A wryly unhappy thought from the poet who soon would hear melodies unheard. This from a letter Keats wrote his brothers George and Tom 196 years ago this week, between Jan. 13 and 19, in 1818. He refers most immediately to the fallout from the previous month’s “immortal dinner.” The host of that Dec. 28, 1817, soirée in London was the painter and future suicide Robert Haydon. With Keats, the guests included Wordsworth and his cousin Thomas Monkhouse, Charles Lamb and Dr. Joseph Ritchie, who less than a year later would die while searching for Timbuktu (for details, see Penelope Hughes-Hallett's The Immortal Dinner: A Famous Evening of Genius and Laughter in Literary London, 2002). Haydon had also invited the poet and critic John Hamilton Reynolds, one of Keats’ faithful correspondents. Reynolds neither RSVP’ed nor showed up, and he and Haydon exchanged a series of recriminating letters. Keats sees both sides of the dispute: 

“Considering all things—Haydons [sic] frequent neglect of his Appointments &c. his notes were bad enough to put Reynolds on the right side of the question but then Reynolds has no powers of sufferance; no idea of having the thing against him,” and so on. Somehow it’s reassuring to see our forebears -- bright, artistic folk all – behaving like spoiled brats; in short, like us.
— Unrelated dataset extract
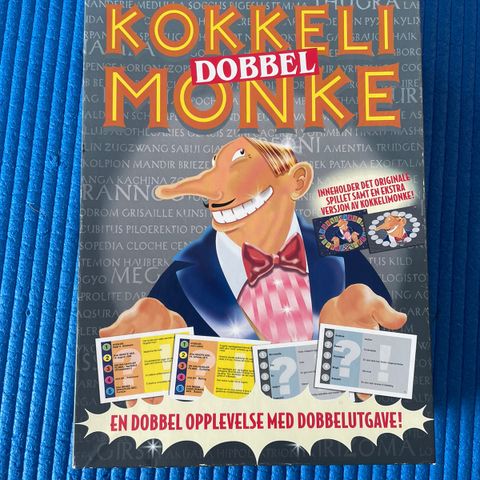 Brettspill: Kokkelimonke dobbel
But it’s also noteworthy that Keats resorts to a musical metaphor: “uproar's your only music.” Music is his poetic ideal, the ineffable object of all his intense, short-lived efforts. The phrase echoes the final line of a sonnet, “How many bards gild the lapses of time,” he had written two years earlier, when he was not yet twenty-one: “Make pleasing music, and not wild uproar.”

1 comment:

Guy Walker said...

Lovely, sweet Keats poem but I've written an uncouth rejoinder which you might consider a breach of the peace, Patrick.

Shakespeare coined it

It’s a free country, you know!
In our correct and timid precincts,
Must we piously desist from all immodesty?
Is politeness so de rigueur?
What if we nudged and elbowed,
Broke a flowerpot,
Badgered and jostled,
Were drunk and disorderly,
Peed in backstreets,
Guilty of unmannerly riot,
Caused affray,
Waylaid, bearded and mugged,(Ambushing footpads all),
Were cutpurses to wealth,
Sallied forth, boys, all Francis Drake and got Elizabethan!!

Took the language by the throat
And showed our arses to the moon?

Then where would we be?

In England?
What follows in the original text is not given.